**Work order:**
Restate word for word only the lines running from the one with "Nike Victory Red" to the end of the data, both ends included. Omit any pictures.
━━━━━ Data extract ━━━━━
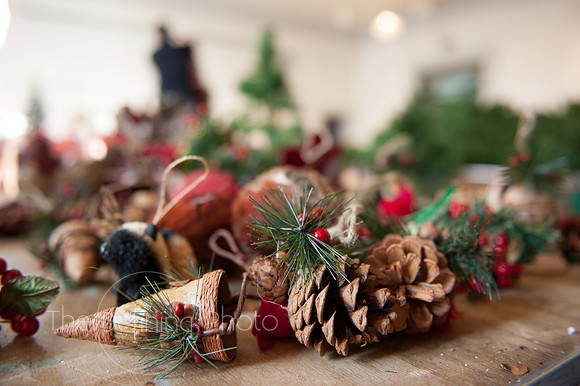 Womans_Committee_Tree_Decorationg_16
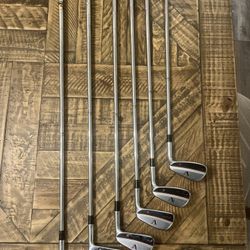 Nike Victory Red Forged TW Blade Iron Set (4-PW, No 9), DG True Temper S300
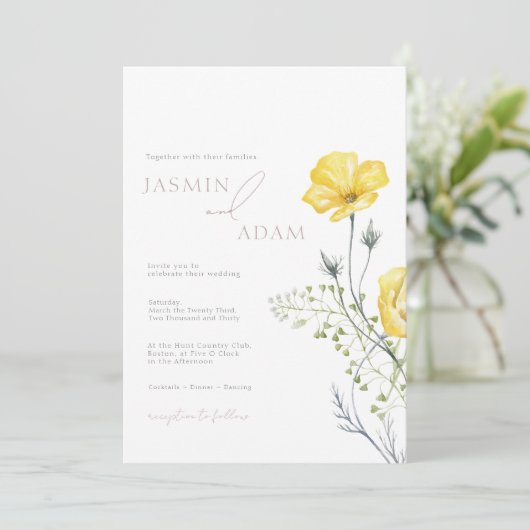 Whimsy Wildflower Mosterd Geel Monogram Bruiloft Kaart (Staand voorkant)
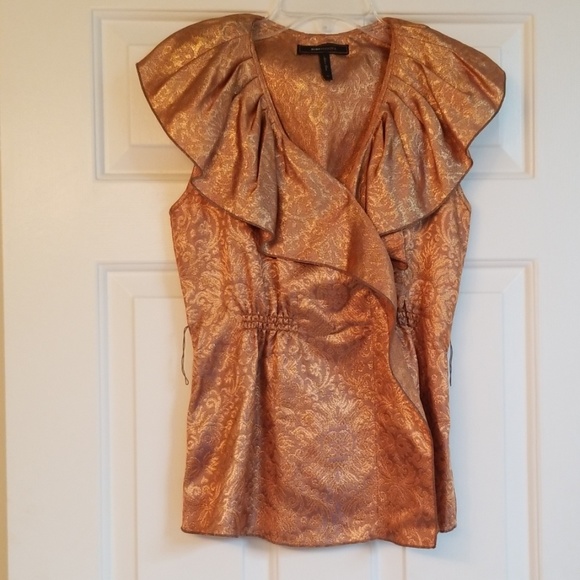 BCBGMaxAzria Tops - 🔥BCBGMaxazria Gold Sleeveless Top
━━━━━
**Your solution:**
 Nike Victory Red Forged TW Blade Iron Set (4-PW, No 9), DG True Temper S300
 Whimsy Wildflower Mosterd Geel Monogram Bruiloft Kaart (Staand voorkant)
 BCBGMaxAzria Tops - 🔥BCBGMaxazria Gold Sleeveless Top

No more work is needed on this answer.